The modeling of real world phenomena by quantifiable means — be these phenomena spatial or temporal — involves at least two known unknowns: finite precision errors and finite dimensional errors. The former (finite precision errors) occur when decimal expansions are arbitrarily cut off at, say, six decimal places or eight decimal places or whatever the model demands. Our finite computing systems cannot calculate real numbers with infinite decimal expansions, so they must be terminated at some point or we cannot even begin our attempt at modeling. The latter (finite dimension errors) occur when a continuum of possibilities must be broken down into discrete units. A rainbow is a continuous gradation of color, but for the sake of our conceptual schematism we break it down into red, orange, yellow, green, blue, indigo, and violet (some recitations leave out the indigo). The familiar rainbow color schematism involves finite dimensional errors.
Ordinary experience is overwhelmingly continuous and only occasionally quantized. The application of flow charts that map the epistemic spaces of our lives to matters of experience involve countless finite dimensional errors. We accept these errors as the price of systematically extrapolating our knowledge, but we ought always to employ such extrapolations with caution. Just as the map is not the territory, so too the extrapolation is not the knowledge itself. Every flow chart and every algorithm embody and reify finite dimension errors. Since it is in their nature to do so, we do not think of these as errors, but should we confuse the map of life with the territory of life we would be compromised.
Conceptual schematisms are routines of the mind, and we all know how easily we slip into routines. A routine, whether a habit of body or of mind, is an algorithm for life, a finite decision procedure by which those individuals who would otherwise be without purpose determine their course of action and thus manage to fill the vacant hours of the clock. It is a recipe for life, to be sure, but it is not a recipe for anything other than mediocrity in life, and perhaps a guarantee of it.

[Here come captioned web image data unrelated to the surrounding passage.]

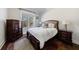 Cozy bedroom with hardwood floors, a large window, and matching nightstands and dresser at 1775 Rockwater Rd, Marietta, GA 30066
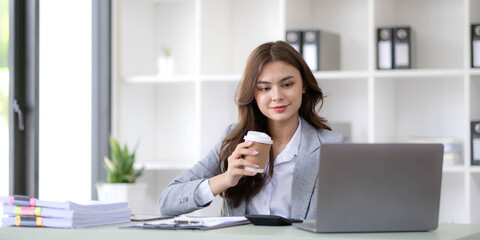 Young woman working on a laptop in the office. Asian businesswoman sitting at her workplace in the office. Beautiful Freelancer Woman working online at her home.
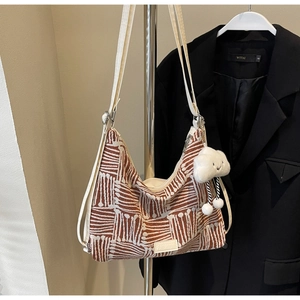 Close-up of large striped canvas tote bag featuring cloud pendant and FASHION leather tag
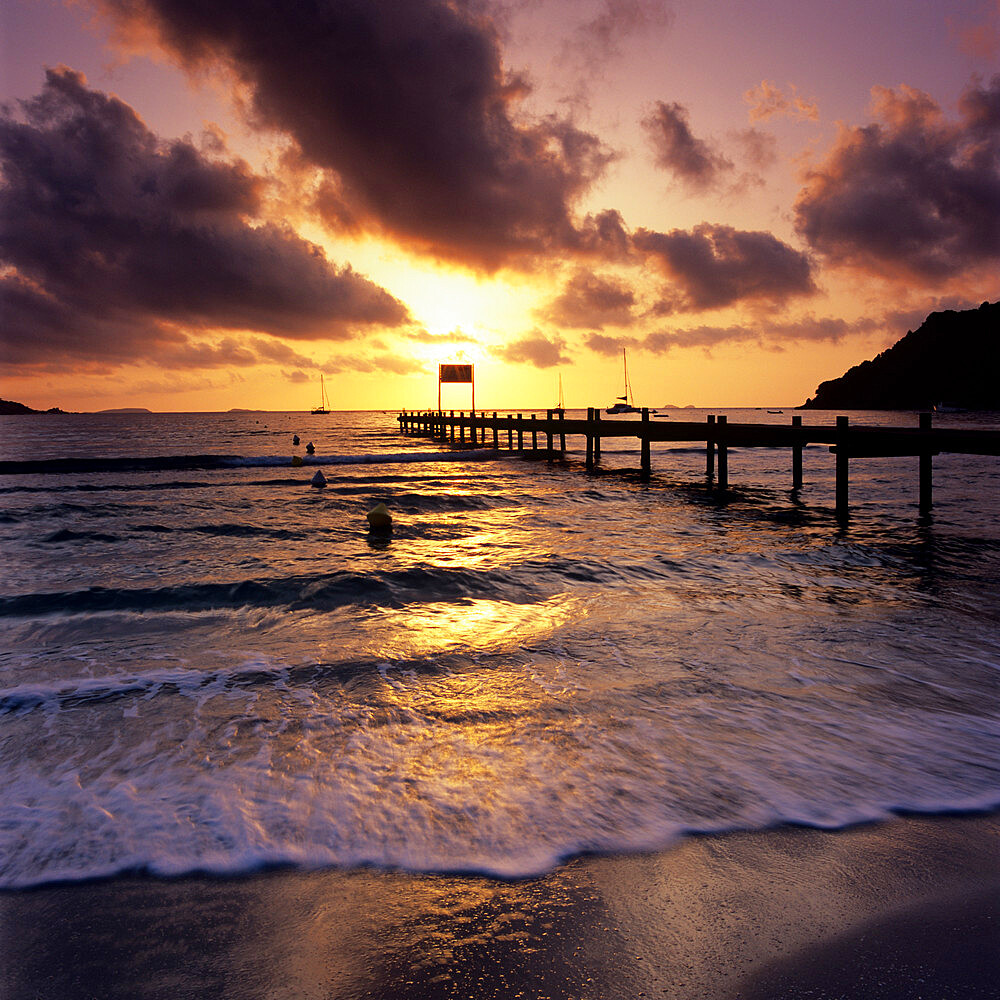 Pier at sunrise, Plage de Santa Giulia, South East Corsica, Corsica, France, Mediterranean, Europe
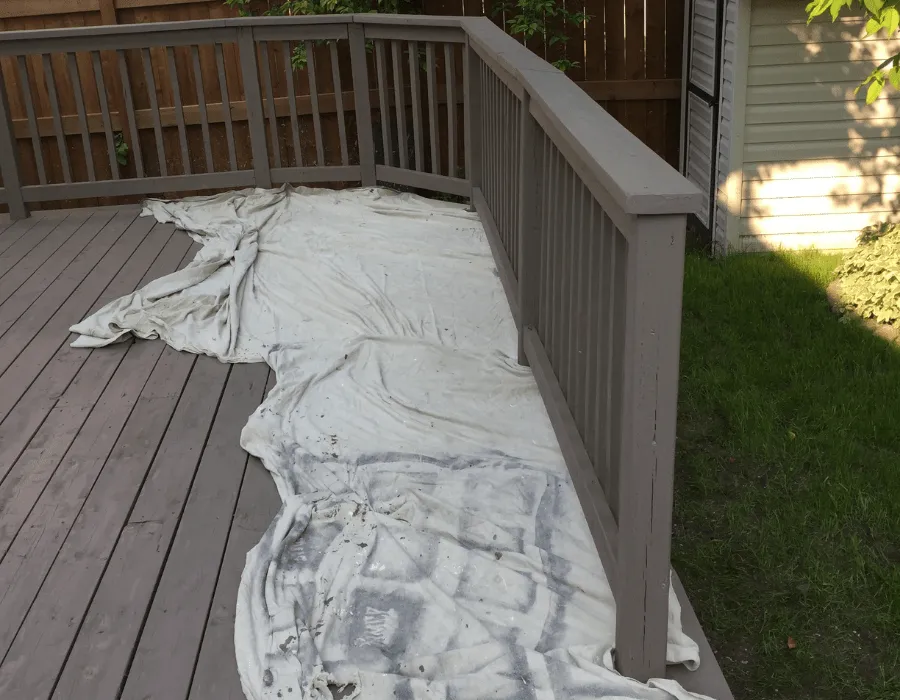 Drop cloths protecting the decking while staining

The mapping of time as an epistemic space, as in a flow chart, is not without consequences. A distinctive feature of algorithms is their finitude. The mapping of life’s paths with discrete, finite alternatives limits options to a few pre-determined alternatives. Any individual of ordinary critical capacity, capable thinking for themselves, will quickly reject any such attempt to limit their options in life, but many among us are unable to see beyond the roles embodied in society. Sartre called this the spirit of seriousness. Finite dimensional errors represent the spirit of seriousness necessary to the practice of science.
If, as I have argued elsewhere, freedom is a form of infinity, subordinating our lives to a finite, algorithmic regime not only results in an inauthentic life, it robs us of the freedom that makes us human. Without our freedom, we become automatons. And there seems to be an intuitive understanding of the danger that industrialized society poses in terms of regimenting life to the point of transforming life into a hollow, mechanistic exercise. We discussed this at some length in Fear of the Future.